*EXERCISE INPUTS*:
####################
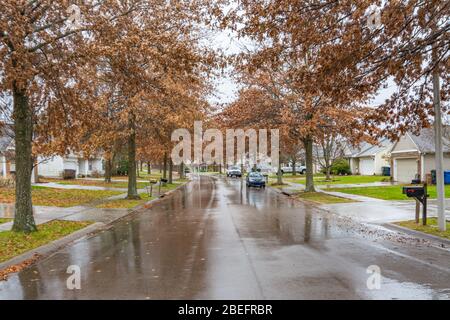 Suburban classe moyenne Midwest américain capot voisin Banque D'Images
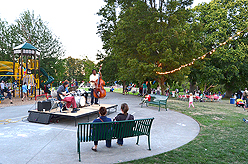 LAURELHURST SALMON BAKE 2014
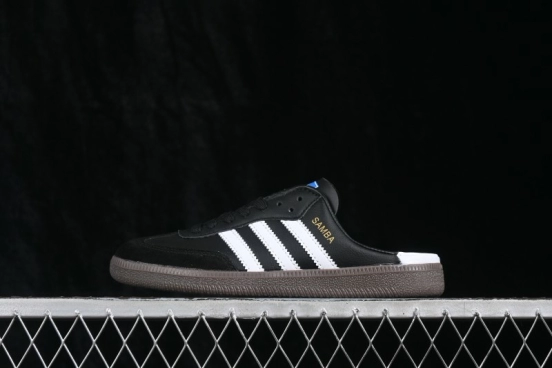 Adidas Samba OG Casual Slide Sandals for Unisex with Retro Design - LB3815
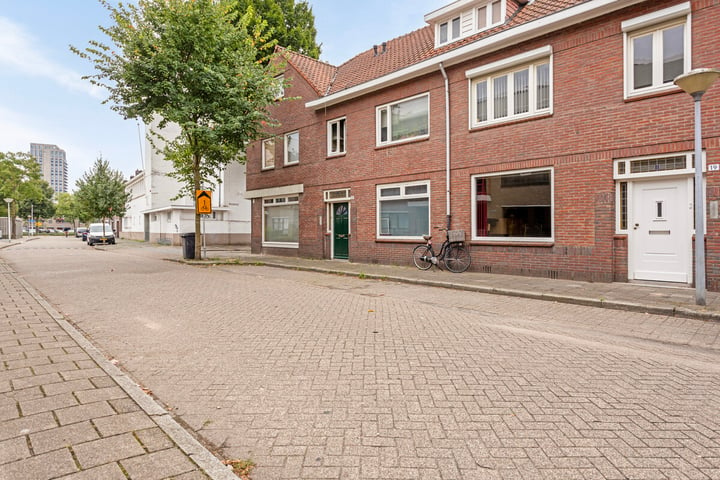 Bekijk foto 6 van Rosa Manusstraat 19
####################
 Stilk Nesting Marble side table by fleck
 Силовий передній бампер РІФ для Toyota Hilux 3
####################
*EXERCISE PROMPT*: Once the line with "Adidas Samba OG" has been found above, output that line and every later line exactly, stopping after the line with "Bekijk foto 6 van Rosa Manusstraat 19", and omit the pictures.

*ANSWER BOX*:
 Adidas Samba OG Casual Slide Sandals for Unisex with Retro Design - LB3815
 Bekijk foto 6 van Rosa Manusstraat 19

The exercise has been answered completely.